Lisa Roe is a New Jersey-based author and former copywriter. her debut novel, Welcome to the Neighborhood, is a mom-com which USA Today described as “a perfect anthem for moms and daughters everywhere who are figuring out what it means to fit in.”
Lisa’s been writing since she was eight years old, when she penned Foal of the Flames, inspired by a marshmallow she’d been toasting that fell into the campfire and ignited, looking—at least to a horse-crazy girl—like a horse’s tail.
She was kind enough to share her thoughts on mom-coms, how her advertising background has helped her write fiction, and the value of stick-with-it-ness.

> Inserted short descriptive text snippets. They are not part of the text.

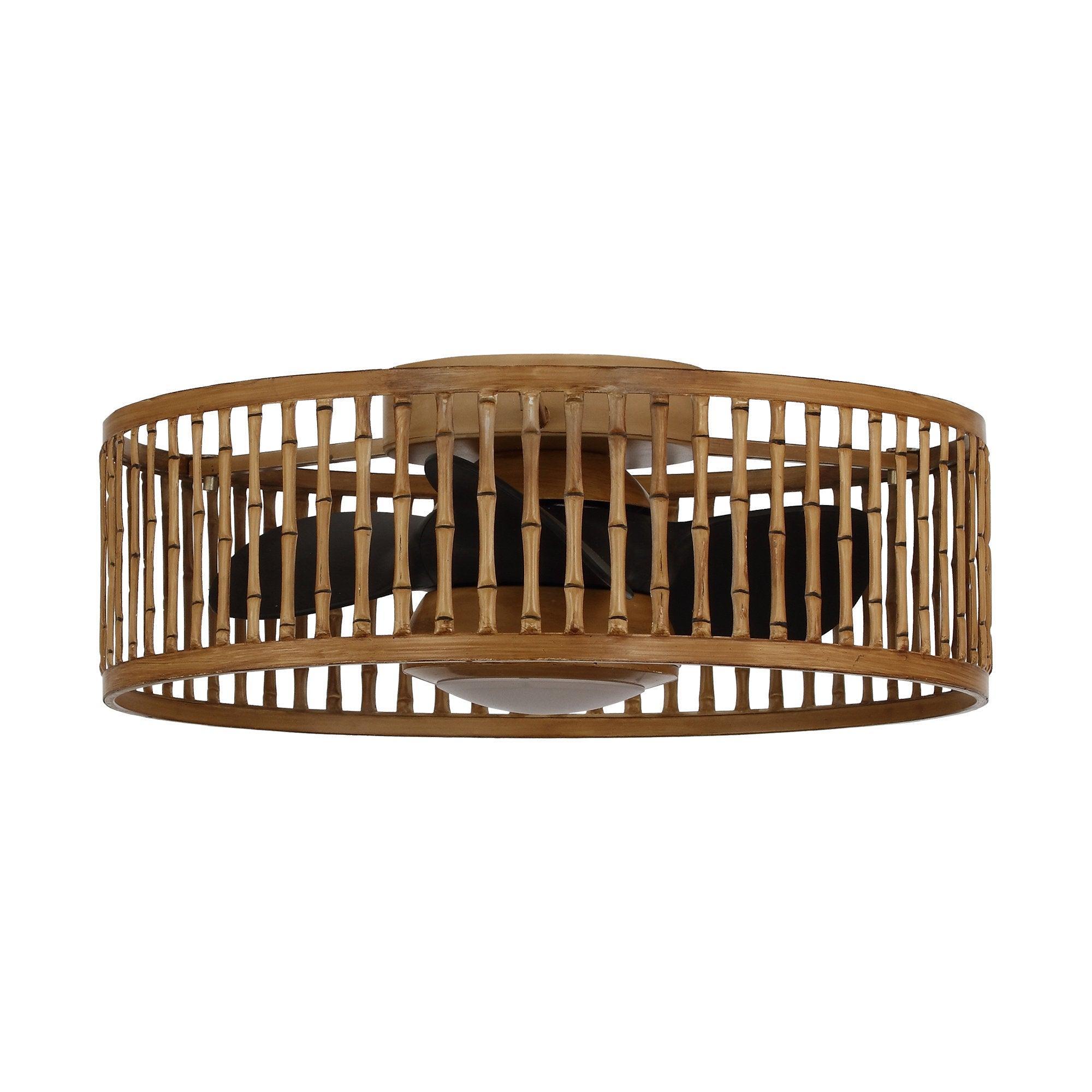 19.5" Farmhouse Flush Mount Reversible Ceiling Fan with LED Lighting and Remote Control - ParrotUncle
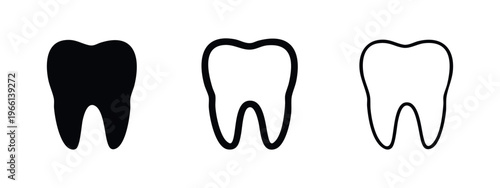 Human molar tooth icon set. Dentistry and oral health symbol with outline and filled variations.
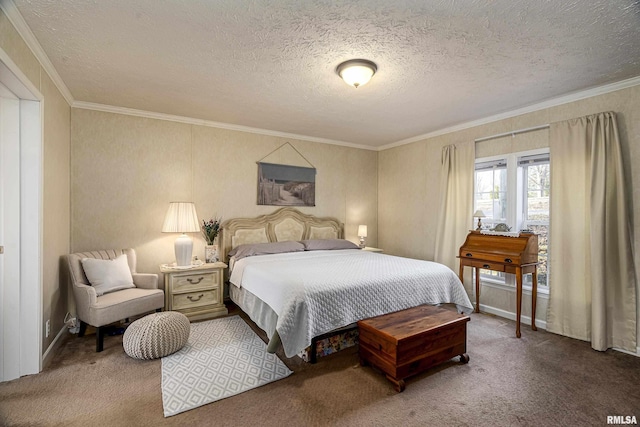 carpeted bedroom featuring a textured ceiling and crown molding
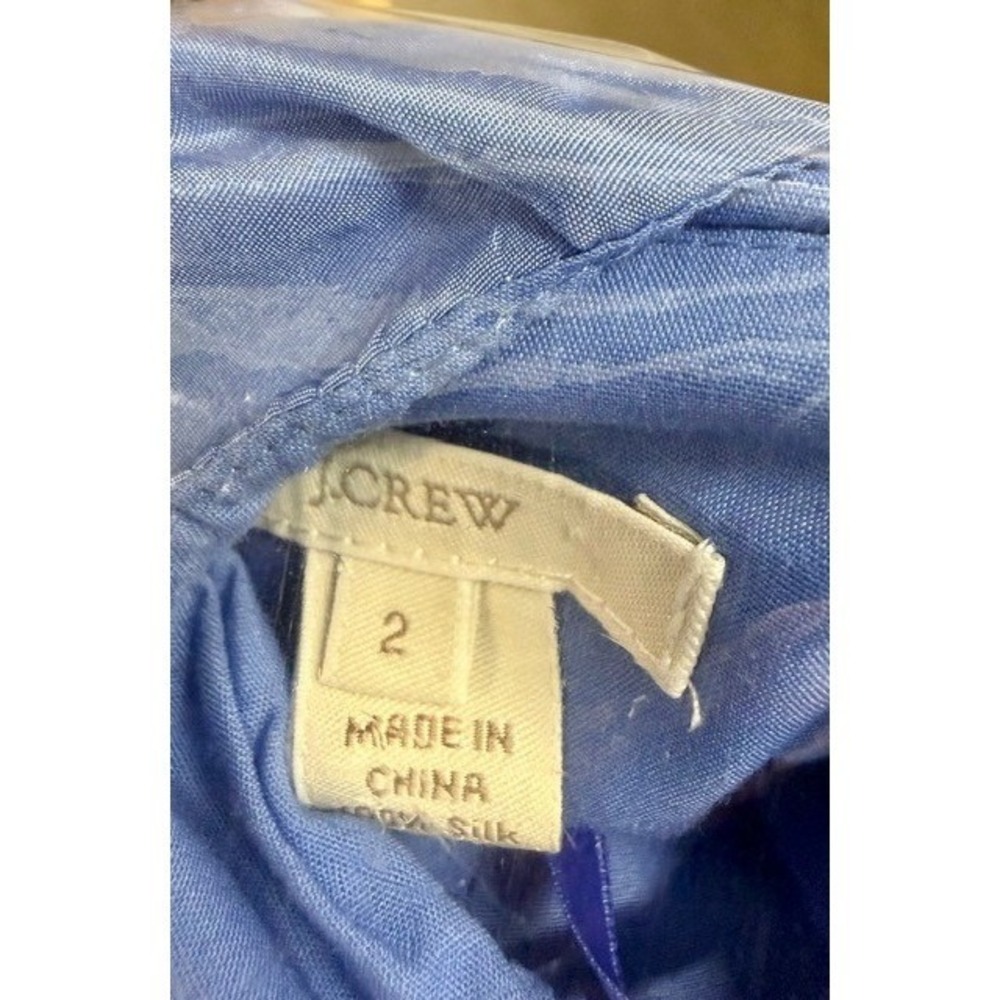 J.Crew Womens Blue 100% Silk Strapless Cocktail Dress Size 2 Pleated Bodice - Picture 3 of 4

What prompted the story, Welcome to the Neighborhood? And, how did you come up with the idea for the school fashion show?
I really wanted to write a mom-child love story, while showing the mother as a flawed human being. As moms, we try so hard and have the best intentions, but we all make mistakes. Ginny, the main character in Welcome to the Neighborhood, made a few mistakes. None were awful, but she still regretted them.
I also wanted to write about the concept of fitting in to new social circumstances. As a both a child and adult, I moved around so often, I always had to slip into whatever social circle was around me; I’m not a big enough personality that I can create my own group. So, the question becomes: do I change myself to be more like these people or are these not my people?
The fashion show came from my experience volunteering with the PTA. I worked on a school fashion show, and various plays; I’m crafty and got involved making different things. It also was a way to bring in the issues around body image and eating disorders. A friend with experience on these subjects helped with my research.
How has your background in advertising helped your fiction writing?
I think my background is a plus. In advertising, you have a limited amount of time, so I learned to get my point across quickly. And by writing for radio, I learned to write dialogue.
I also learned to write cleanly. When I first me with my editor, she said she knew I wrote ad copy because I wrote at a fast pace and turned in clean copy.
Also when you work in advertising, you get your work critiqued every day. You have to develop a thick skin. You need this in writing fiction, as well. You have to be able to take critiques and often rethink how you say something. It all turned out to be helpful.
Do you typically start with character or plot, or some combination?
I usually start with a concept—like, I want to write a story that puts someone in this environment. In my next book, a mom runs up against people who make her uncomfortable and must decide how to deal with it.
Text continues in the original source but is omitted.